Railways are a natural monopoly. Safety requires a single entity in control of the tracks. Conflicting companies, indifferent to what is happening elsewhere on the network, have reduced the idea of service to the point where it is almost non-existent. And although we are promised Great British Railways, so far there is not even a hint of legislation to deliver it, so a cobbled mess of franchised operations persists. Given the inability of Sunak's Tory party to govern no doubt this will continue for a long time to come.

What we need is a government that understands that natural monopolies need to be in state control, with singular direction to ensure co-ordination of service, even if regional management is devolved to reflect local need as evidenced by local authority engagement. That observation covers rail, buses, health, education, water, energy, broadband, post and much else.

The time has come to reverse the privatisation era. Its main purpose  was to create legal claims on profit streams that rightfully belonged to the state, with the simultaneous intention of making it as difficult as possible to reverse this process. It was never intended to deliver benefit to the country.

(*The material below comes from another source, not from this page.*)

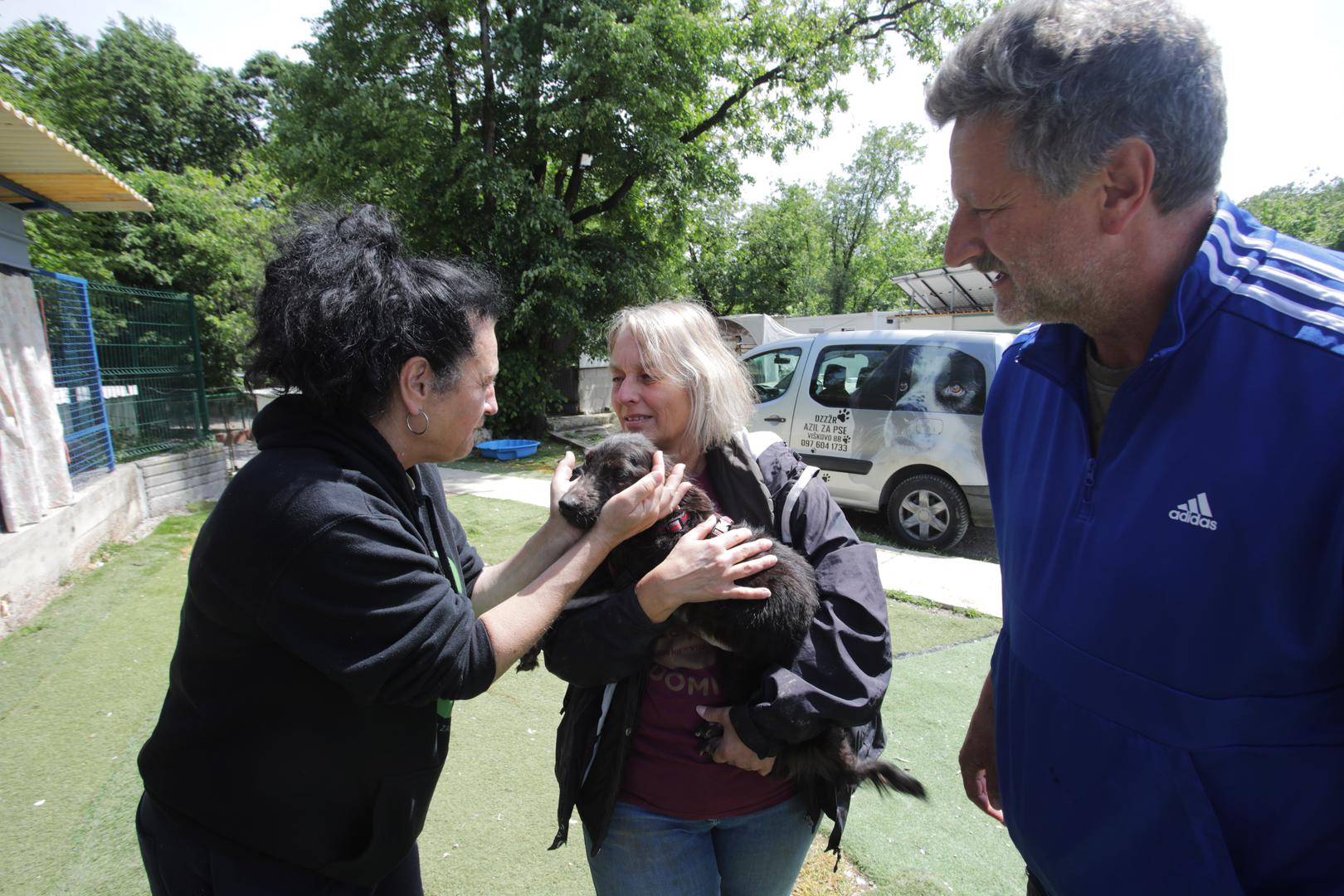 Volonteri su javno progovorili o sumnji da su psi godinama živjeli u potpunom užasu, bez osnovne skrbi, hrane i veterinarske pomoći. Posebno ih je potresla smrt nekoliko pasa koji su, unatoč spašavanju, podlegli teškim posljedicama zanemarivanja.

In 1948 British Railways was nationalised as part of the British Transport Commission. N0 money changed hands. Those who held shares in the vast array of companies that came under the control of the Commission were issued with British Transport Commission 3% bonds in exchange. They were supposedly repayable in 1978. They were, of course, simply rolled over into new bonds that formed part of the national debt.

We could do this again now: I would suggest 100 year bonds be used. As in 1948, sensible arbitration allowing for the value of state subsidies could be used to determine the value of bonds to be issued. We'd simply pick up a cost for the interest as a result and yet Labour keep telling us taxpayer's money (a meaningless and incorrect term because there is no such thing) should not be used for this purpose when other demands on cash are high. But as I suggest, no cash need be involved. So what is the problem Labour? Why not just say you'll do it? It's a guaranteed vote winner. And the country needs it, very badly.